Let $\mathcal L$ be a formal language.

Let the formal grammar of $\mathcal L$ be a bottom-up grammar.

Let $P \left({\phi}\right)$ be a statement (in the metalanguage of $\mathcal L$) about well-formed formulas $\phi$ of $\mathcal L$.

Then $P$ is true for all WFFs of $\mathcal L$ iff both:

$P \left({a}\right)$ is true for all letters $a$ of $\mathcal L$,

and, for each rule of formation of $\mathcal L$, if $\phi$ is a WFF resulting from WFFs $\phi_1, \ldots, \phi_n$ by applying that rule, then:

$P \left({\phi}\right)$ is true as soon as $P \left({\phi_1}\right), \ldots, P \left({\phi_n}\right)$ are all true.

## Proof

Let $\phi$ be a WFF of $\mathcal L$.

Then $\phi$ is the result of applying finitely many rules of formation of $\mathcal L$.

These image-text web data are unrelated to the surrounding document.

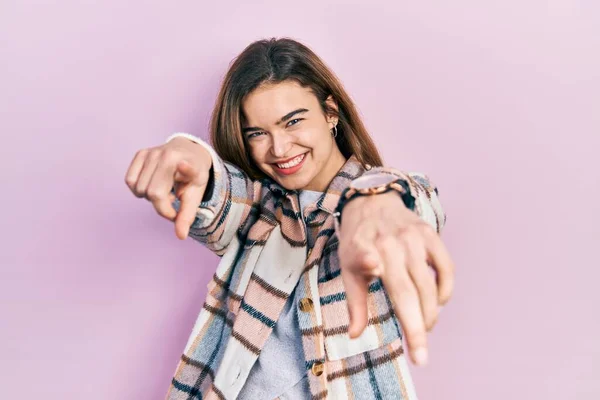 Ung Kaukasiska Flicka Bär Casual Kläder Pekar Dig Och Kameran — Stockfoto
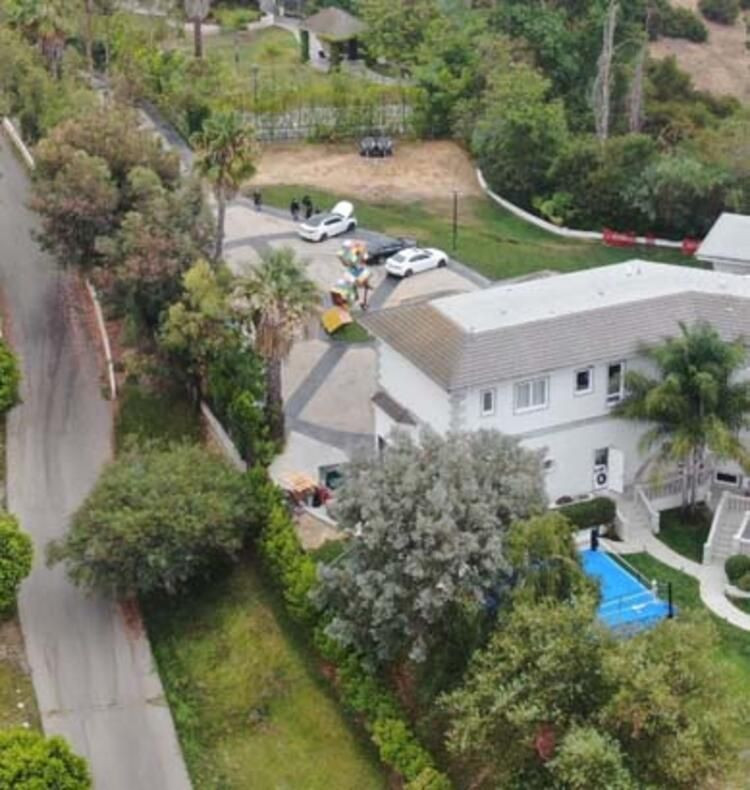 Ağır silahların olduğu malikaneyi böyle bastılar - Sayfa 11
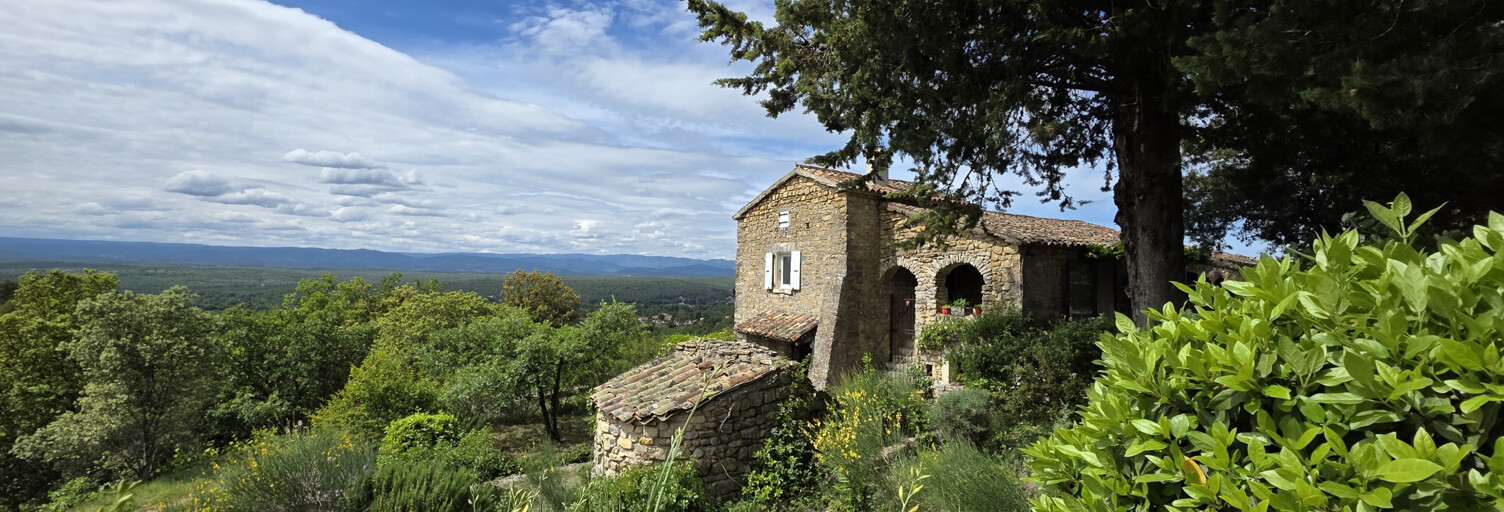 Maison 9 Pièces 161 m² à vendre à Grospierres (07120)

If we can show that the result of each rule of formation satisfies $P$, we will have finished.

Suppose now that for a rule of formation $\mathbf R$, all preceding rules have produced WFFs satisfying $P$.

By the bottom-up nature of the formal grammar of $\mathcal L$, $\mathbf R$ either:

• Introduces a letter as a WFF; or
• Constructs a new WFF from previously constructed ones.

The two given hypotheses precisely ensure that the WFF resulting from $\mathbf R$ must also satisfy $P$.

For the first rule of formation applied, all preceding rules have vacuously produced WFFs satisfying $P$.

But now we see that any subsequent rule of formation will satisfy this premise.

In particular, it applies to the final rule of formation, and hence $P \left({\phi}\right)$ is true.

$\blacksquare$

## Remark

Although the proof is strongly reminiscent of the Principle of Mathematical Induction, it can be seen to be a finite, algorithmic procedure:

Given any WFF $\phi$, we have a definite procedure for verifying $P \left({\phi}\right)$, which involves only finitely many operations.

The assumptions of the theorem ensure that each of these operations will affirm the truth of $P \left({\phi}\right)$.

It is therefore justifiable to accept this proof in the metalanguage.